BEIJING/MELBOURNE (Reuters) - China churned out record amounts of steel and aluminum in June as producers rushed to cash-in on rallying prices in the wake of a drive by Beijing to crack down on output of low-grade metal.
That could fuel concerns the world’s top steel producer will export more metal, stoking global oversupply and fanning tensions with the United States after it accused the nation of flooding international markets with cheap aluminum and steel.
U.S. President Donald Trump has threatened to use a Cold War-era law to restrict imports for national security reasons as bilateral talks between Washington and Beijing continue.
China has long-denied that it has been offloading metals abroad at the expense of foreign producers.
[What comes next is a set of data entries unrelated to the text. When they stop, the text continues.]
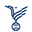 Florø logo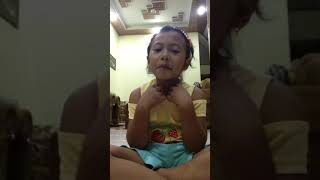 Download lagu Mengapa gen halilintar (cover by Farah luthfia talita ) mp3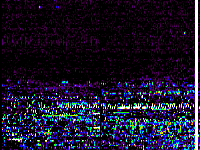 No data: 07-08 UT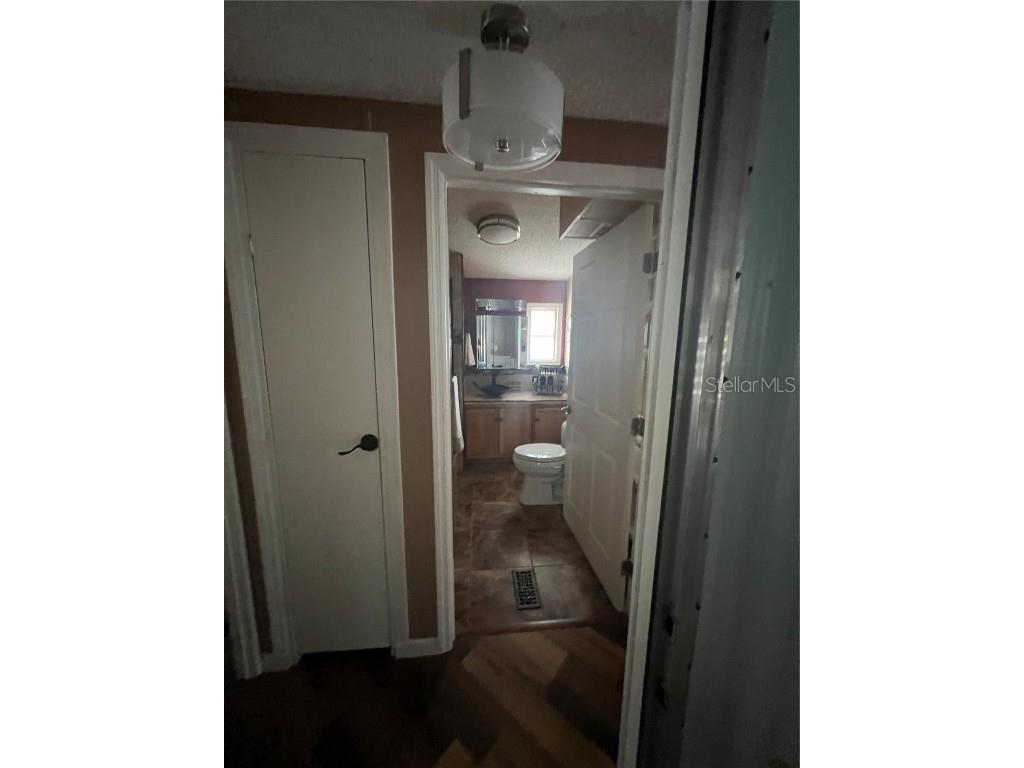 7950 State Road 78 W #192 Okeechobee FL 34974 OK225241 image25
Chinese steel output last month rose 5.7 percent from the year before to a record 73.23 million tonnes, surpassing April’s all-time high of 72.78 million tonnes, data from the National Statistics Bureau showed on Monday.
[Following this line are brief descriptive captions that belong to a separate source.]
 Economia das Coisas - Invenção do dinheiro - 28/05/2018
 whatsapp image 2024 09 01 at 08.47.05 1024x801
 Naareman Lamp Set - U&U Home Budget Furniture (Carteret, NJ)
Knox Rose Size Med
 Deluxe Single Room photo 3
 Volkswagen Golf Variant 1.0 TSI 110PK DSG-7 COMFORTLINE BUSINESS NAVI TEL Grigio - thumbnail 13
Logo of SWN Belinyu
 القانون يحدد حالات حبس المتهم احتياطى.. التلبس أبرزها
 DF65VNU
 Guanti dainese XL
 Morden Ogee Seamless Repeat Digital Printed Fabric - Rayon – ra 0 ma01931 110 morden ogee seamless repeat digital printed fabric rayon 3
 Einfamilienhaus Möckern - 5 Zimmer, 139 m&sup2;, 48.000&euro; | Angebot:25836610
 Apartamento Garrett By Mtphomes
Aluminum production jumped 7.4 percent year-on-year to 2.93 million tonnes, exceeding December’s record of 2.89 million tonnes.
Export data last week showed steel products shipments fell last month, while aluminum sales abroad were steady.
But analysts said the latest numbers should not be seen as provocative move ahead of a decision by the United States on possible import tariffs.
“It’s wrong to think that this is some sort of unified, homogenous voice that is deliberately making some provocative statement to the U.S,” said Paul Adkins, managing director of aluminum consultancy AZ China.
“That couldn’t be further from the truth. What we’re really seeing, if anything, is ... a lack of a coordinated response (from Chinese producers).”
Analysts said the increases came as local steel and aluminum prices rose after the government cut back on metals producing capacity earlier in the year as it battles a glut in supply and looks to clamp down on pollution.
“The reason that prices were higher in the first place was the expectation of Chinese cutting back supply of aluminum and steel, yet that is what is inducing its high utilization rates,” said Mark Pervan, chief economist at AME Group in Sydney.
Steel rebar margins were almost 1,000 yuan ($147.77) per tonne in June, enticing mills to increase output, said Bai Jing, analyst at Galaxy Futures.
“China’s crackdown on low-end steel has left a capacity gap in the market,” she said.
In the first half of the year, China eliminated around 120 million tonnes of low-end steel capacity. By May, the country had fulfilled nearly 85 percent, or 42.4 million tonnes, of its 2016 steel capacity cutting target.
The data came as better-than-expected GDP numbers brightened demand prospects for metals and spurred gains in prices, with steel rebar rising 2 percent.